Kritik an der Gewerkschaft bei Kundgebung in Tübingen

Rund 1 200 Demonstranten folgen dem Aufruf des Deutschen Gewerkschaftsbundes und nehmen an der Kundgebung auf dem Tübinger Marktplatz teil

Die Demonstranten ziehen vom Europaplatz bis zum Rathausplatz.  FOTO: SAPOTNIK
Die Demonstranten ziehen vom Europaplatz bis zum Rathausplatz. FOTO: SAPOTNIK
Die Demonstranten ziehen vom Europaplatz bis zum Rathausplatz. FOTO: SAPOTNIK

TÜBINGEN. Mehr Offensivität bei den Gesprächen mit den Arbeitgebern – das forderte der Hauptredner der 1. Mai-Kundgebung, Gerd Bosbach, von den Gewerkschaftlern. »Wenn Scheiße gemacht wird, muss der DGB das auch als Scheiße benennen«, sagte der Professor für Mathematik und Statistik, der an der Uni Koblenz lehrt.

Rund 1 200 Demonstranten versammelten sich am 1. Mai auf dem Tübinger Rathausplatz, um dem Aufruf des Deutschen Gewerkschaftbunds (DGB) zu folgen und sich gemeinsam für gerechte Arbeitszeiten und Löhne einzusetzen und auf Missstände aufmerksam zu machen.
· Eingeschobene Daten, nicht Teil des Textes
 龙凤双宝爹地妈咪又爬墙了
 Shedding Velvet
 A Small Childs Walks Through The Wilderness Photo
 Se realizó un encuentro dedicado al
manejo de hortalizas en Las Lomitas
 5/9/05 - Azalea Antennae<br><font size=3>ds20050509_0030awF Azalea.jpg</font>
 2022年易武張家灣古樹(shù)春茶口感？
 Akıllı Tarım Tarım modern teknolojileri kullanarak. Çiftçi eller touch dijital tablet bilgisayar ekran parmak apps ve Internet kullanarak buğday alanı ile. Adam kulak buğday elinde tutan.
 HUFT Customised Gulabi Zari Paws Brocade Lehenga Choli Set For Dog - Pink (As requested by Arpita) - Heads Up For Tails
Gemeinsam zogen sie vom Europlatz bis zum Rathausplatz – in diesem Jahr unter dem Motto »Europa. Jetzt erst richtig«. Aber auch über die Grenzen Europas hinaus waren die Arbeitsbedingungen Thema: Die Tübinger Initiative »Fairstrickt« sammelte für Frauen, die in Bangladesch in der Textilindustrie arbeiten, und die Schauspielerin Sarah Kentner las ein Gespräch mit Saeeda Khatoon vor, die ihren Sohn bei einem Brand in einer Textilfabrik verlor und daraufhin einen Textildiscounter verklagte.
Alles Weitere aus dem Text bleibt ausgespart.